# WHAT YOU WILL DO:
The answer must be an exact printing of every record below, with the pictures omitted.

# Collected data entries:
--------

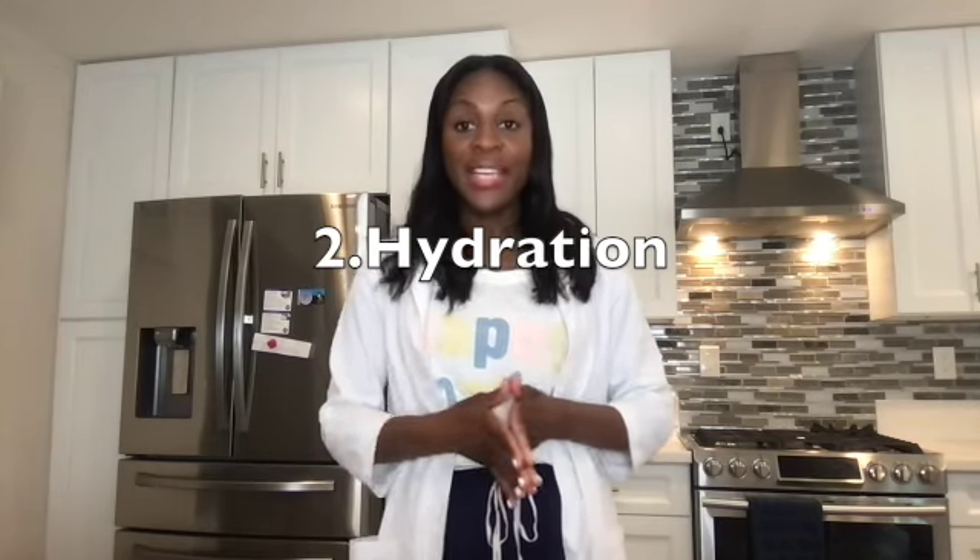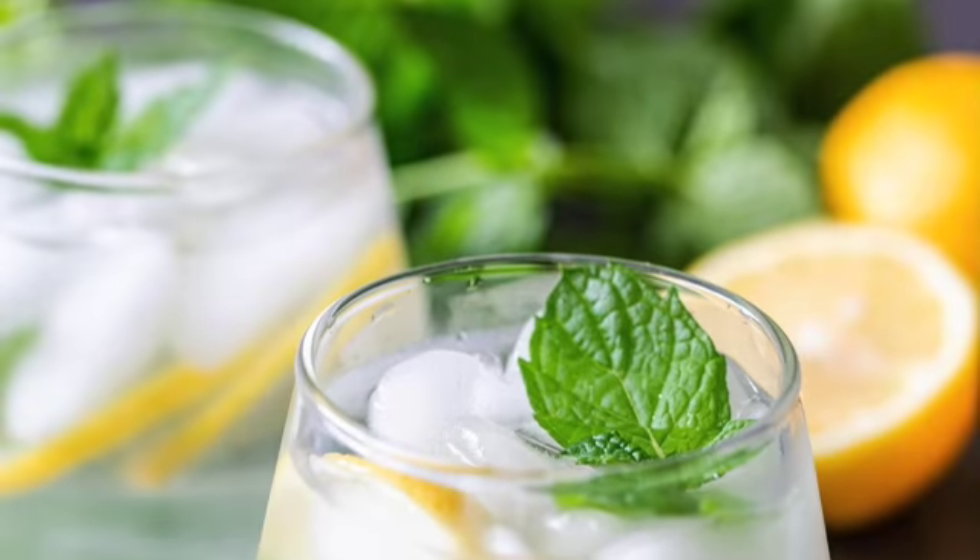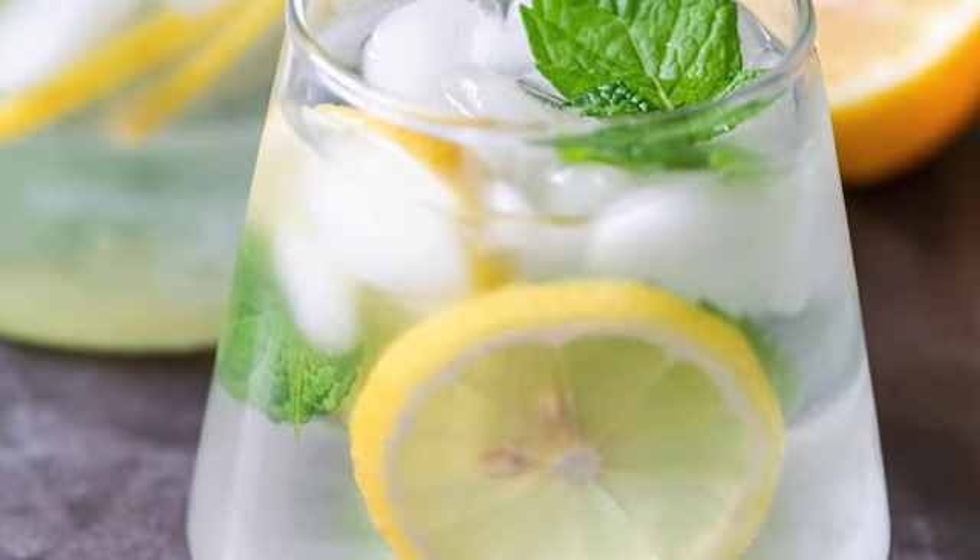Hydration is going to be key. Staying hydrated will also help reduce nausea and vomiting, as counterintuitive as it sounds. I know you feel like you can't keep anything down, but it's so important. I like to spike my water with citrus — grapefruit, lemon, orange slices — and also mint leaves for that peppermint effect. Having citrus in your water helps with nausea and vomiting as well.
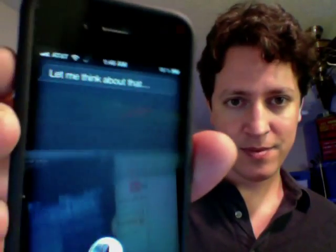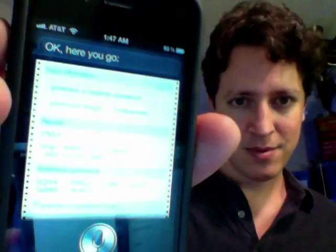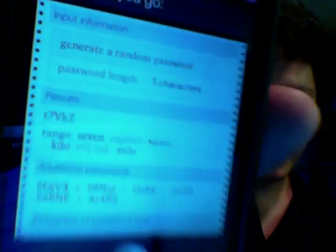WolframAlpha, generate a five-character password. And there you go — it is a password. That's totally generated just like that.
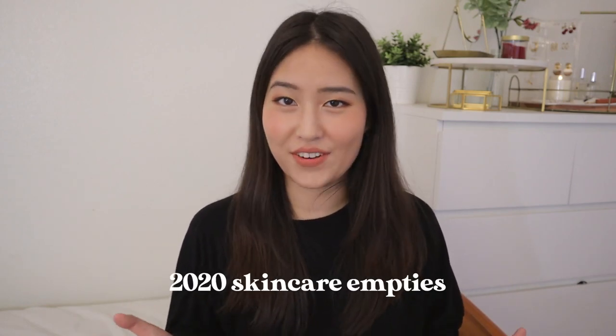Hi everyone, welcome back to my channel. It's Helen and today I have a skincare empties video for you all. I've been meaning to film this video for such a long time now because a lot of these products are even from the beginning of 2020. Before I go off rambling, let's just jump right into the video.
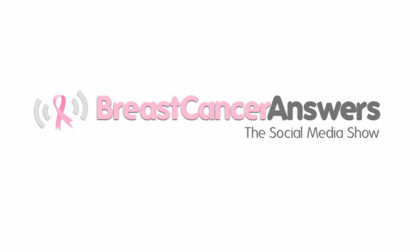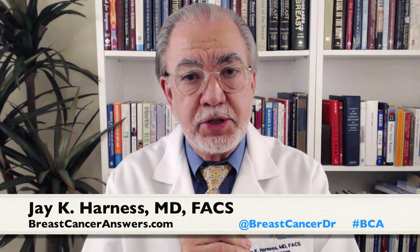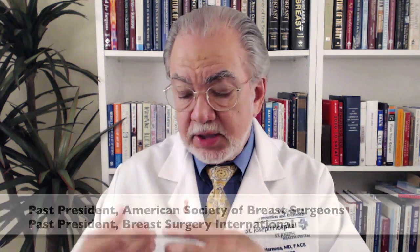Dr. Timothy Stenzel: There are basically two ways that we use intraoperative radiation therapy in the world of breast cancer. One way is to deliver what is called the boost treatment at the time we are doing the lumpectomy. Another way that we can use intraoperative radiation therapy at the time of the lumpectomy is called a single fraction.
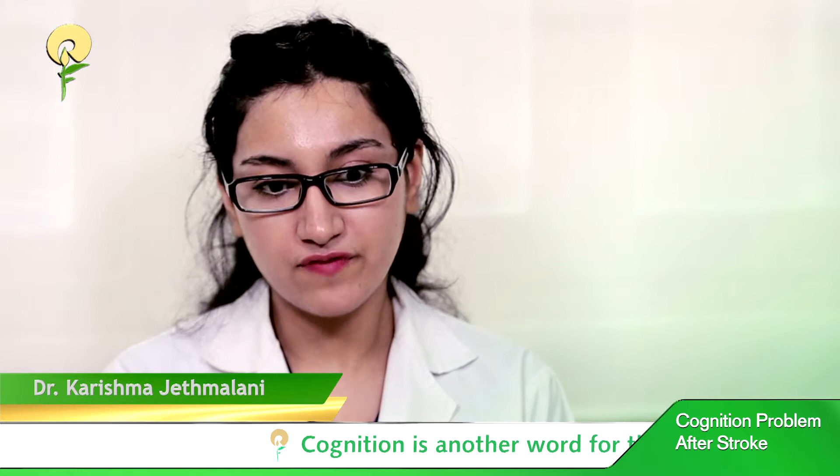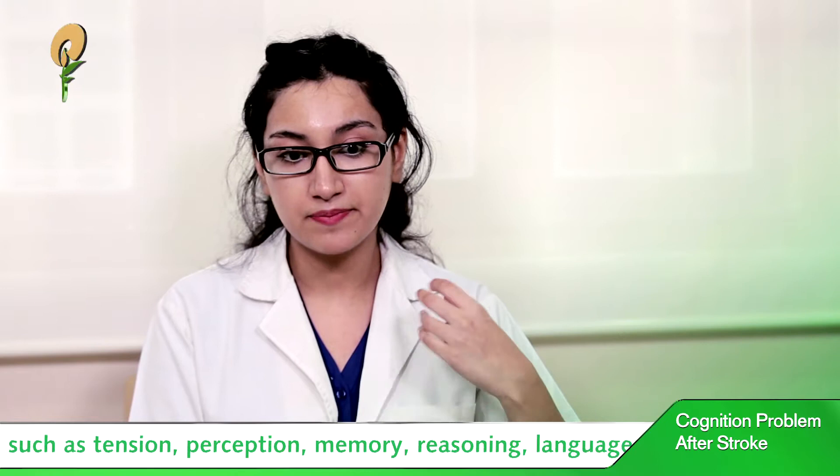Cognition is another word for thinking, so it comprises functions such as attention, perception, memory, reasoning, language, etc. The five most common cognitive problems that we see post-stroke are: one, problems with slow processing speed, which is a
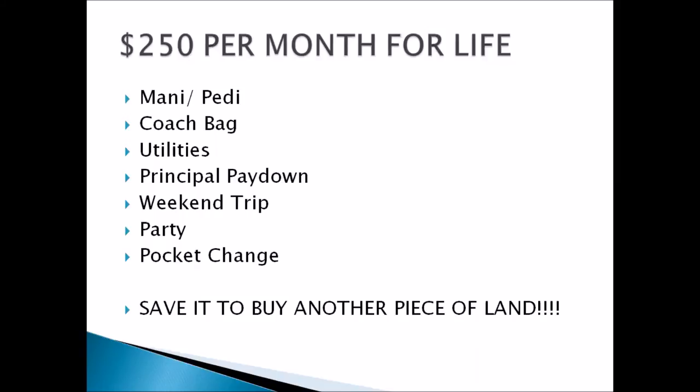It may not change your life, but think about what an extra $250 a month could do. You could get manicures and pedicures, a new Coach bag, pay your utilities, put it toward your mortgage principal — instead of 30 years suddenly you're at 24 years. You could go on a weekend trip, cover two hotel nights, have a Super Bowl party, feed your family over Thanksgiving, or just have walking-around pocket change.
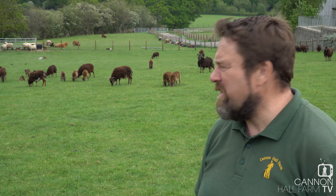Alright then guys, so here we are. We have got quite close to them, which is unusual for the Soay. The Soay sheep, as you can see behind me, the little brown sheep — quite often when visitors come to the farm they think they're goats. They're very small, they've got horns, and that seems to be the thing that makes people think they're goats. But they're actually sheep.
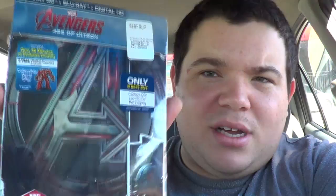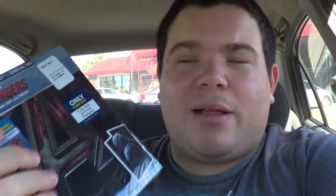The one I ended up picking up is the Ultron cover. I wasn't too fond of the Vision cover or just Vision as a character — I mean, I didn't mind him, but it's called Age of Ultron so it makes more sense to get the Ultron cover. The back cover also says it's collectible lenticular packaging, which is kind of interesting.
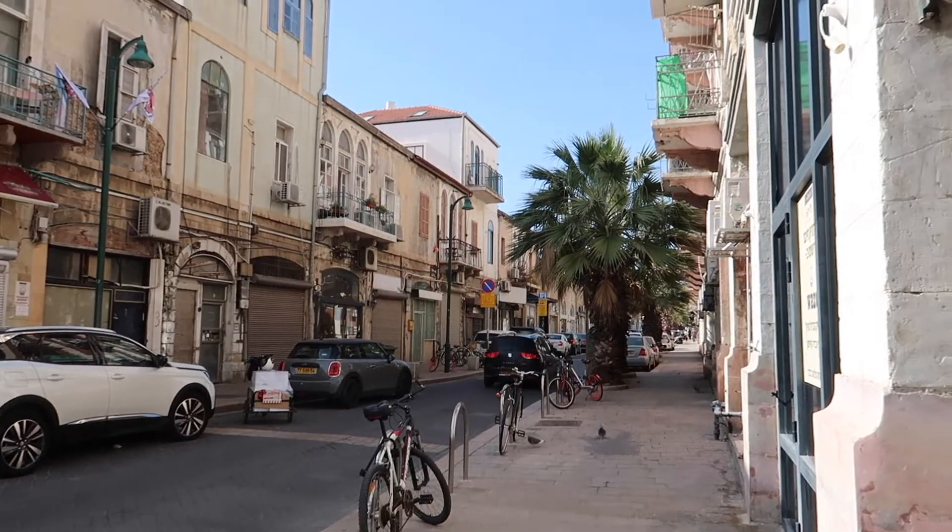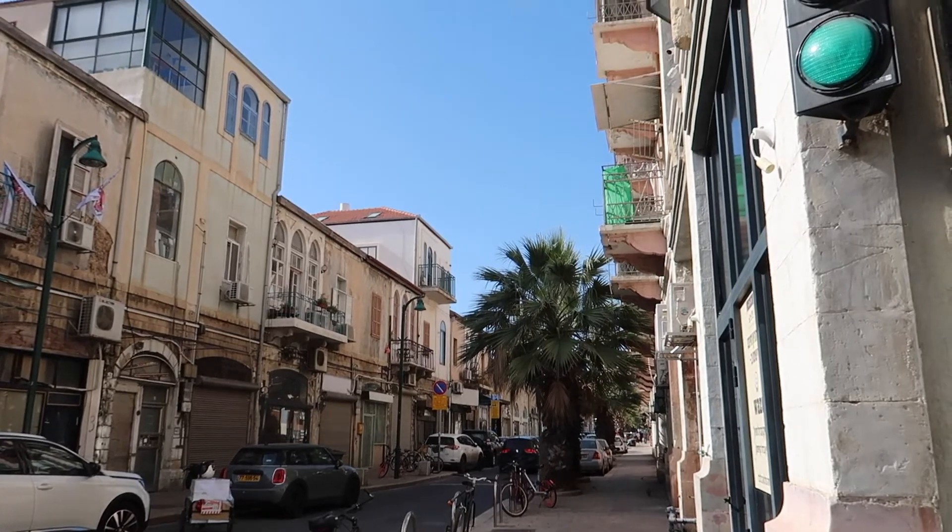It is a beautiful day here in Tel Aviv. I think it's around 18 degrees, it's really sunny. I just wore a long-sleeved shirt and that's all I needed. So it's the 1st of February, it's still kind of late winter here, so it can be a bit chilly at night. But during the day, it's still sunny.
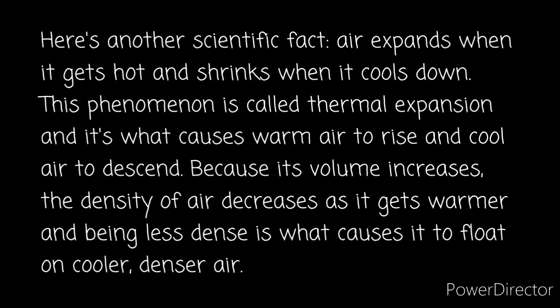There's another scientific fact: air expands when it gets hot and shrinks when it goes down. This phenomenon is called thermal expansion, and it's what causes warm air to rise and cool air to descend. Because its volume increases, the density of air decreases as it gets warmer, and being less dense is what causes it to float in cooler, denser air.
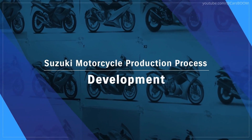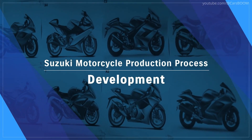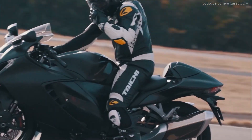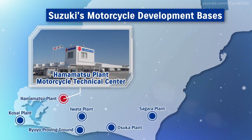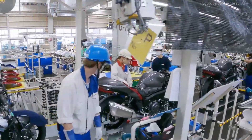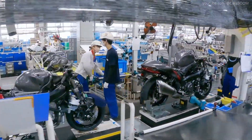How Suzuki Motorcycles Are Made: The Hayabusa Production Process. Suzuki's Hamamatsu Plant and Ryuyo Proving Ground in Japan are home to the production of the iconic Hayabusa motorcycle. Every step reflects Suzuki's dedication to precision, performance, and craftsmanship.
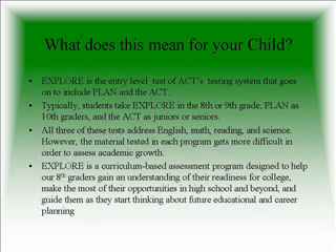What does this mean for your child? Typically students take EXPLORE in the 8th or 9th grade, PLAN as 10th graders, and the ACT as juniors or seniors. All three of these tests address English, Math, Reading, and Science. However, the material tested in each program gets progressively more difficult in order to assess their academic growth. EXPLORE is a curriculum-based assessment program designed to help 8th graders gain an understanding of their readiness for college, make the most of their opportunities in high school and beyond, and guide them as they start thinking about future educational and career planning.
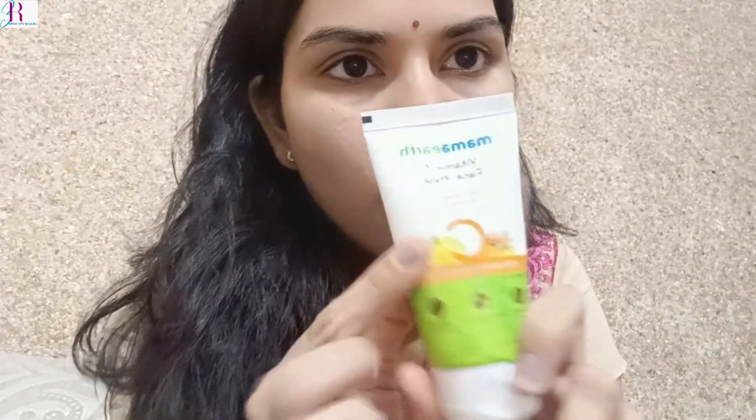Hello everyone, welcome and welcome back to my channel. My name is Didi and today we are diving into a review of two popular products from the Mamaearth brand — a face wash and a shampoo. These two products have been creating waves in the beauty community, so let's get started.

--------

# TASK RESULT:
Hydration is going to be key. Staying hydrated will also help reduce nausea and vomiting, as counterintuitive as it sounds. I know you feel like you can't keep anything down, but it's so important. I like to spike my water with citrus — grapefruit, lemon, orange slices — and also mint leaves for that peppermint effect. Having citrus in your water helps with nausea and vomiting as well.
WolframAlpha, generate a five-character password. And there you go — it is a password. That's totally generated just like that.
Hi everyone, welcome back to my channel. It's Helen and today I have a skincare empties video for you all. I've been meaning to film this video for such a long time now because a lot of these products are even from the beginning of 2020. Before I go off rambling, let's just jump right into the video.
Dr. Timothy Stenzel: There are basically two ways that we use intraoperative radiation therapy in the world of breast cancer. One way is to deliver what is called the boost treatment at the time we are doing the lumpectomy. Another way that we can use intraoperative radiation therapy at the time of the lumpectomy is called a single fraction.
Cognition is another word for thinking, so it comprises functions such as attention, perception, memory, reasoning, language, etc. The five most common cognitive problems that we see post-stroke are: one, problems with slow processing speed, which is a
It may not change your life, but think about what an extra $250 a month could do. You could get manicures and pedicures, a new Coach bag, pay your utilities, put it toward your mortgage principal — instead of 30 years suddenly you're at 24 years. You could go on a weekend trip, cover two hotel nights, have a Super Bowl party, feed your family over Thanksgiving, or just have walking-around pocket change.
Alright then guys, so here we are. We have got quite close to them, which is unusual for the Soay. The Soay sheep, as you can see behind me, the little brown sheep — quite often when visitors come to the farm they think they're goats. They're very small, they've got horns, and that seems to be the thing that makes people think they're goats. But they're actually sheep.
The one I ended up picking up is the Ultron cover. I wasn't too fond of the Vision cover or just Vision as a character — I mean, I didn't mind him, but it's called Age of Ultron so it makes more sense to get the Ultron cover. The back cover also says it's collectible lenticular packaging, which is kind of interesting.
It is a beautiful day here in Tel Aviv. I think it's around 18 degrees, it's really sunny. I just wore a long-sleeved shirt and that's all I needed. So it's the 1st of February, it's still kind of late winter here, so it can be a bit chilly at night. But during the day, it's still sunny.
There's another scientific fact: air expands when it gets hot and shrinks when it goes down. This phenomenon is called thermal expansion, and it's what causes warm air to rise and cool air to descend. Because its volume increases, the density of air decreases as it gets warmer, and being less dense is what causes it to float in cooler, denser air.
How Suzuki Motorcycles Are Made: The Hayabusa Production Process. Suzuki's Hamamatsu Plant and Ryuyo Proving Ground in Japan are home to the production of the iconic Hayabusa motorcycle. Every step reflects Suzuki's dedication to precision, performance, and craftsmanship.
What does this mean for your child? Typically students take EXPLORE in the 8th or 9th grade, PLAN as 10th graders, and the ACT as juniors or seniors. All three of these tests address English, Math, Reading, and Science. However, the material tested in each program gets progressively more difficult in order to assess their academic growth. EXPLORE is a curriculum-based assessment program designed to help 8th graders gain an understanding of their readiness for college, make the most of their opportunities in high school and beyond, and guide them as they start thinking about future educational and career planning.
Hello everyone, welcome and welcome back to my channel. My name is Didi and today we are diving into a review of two popular products from the Mamaearth brand — a face wash and a shampoo. These two products have been creating waves in the beauty community, so let's get started.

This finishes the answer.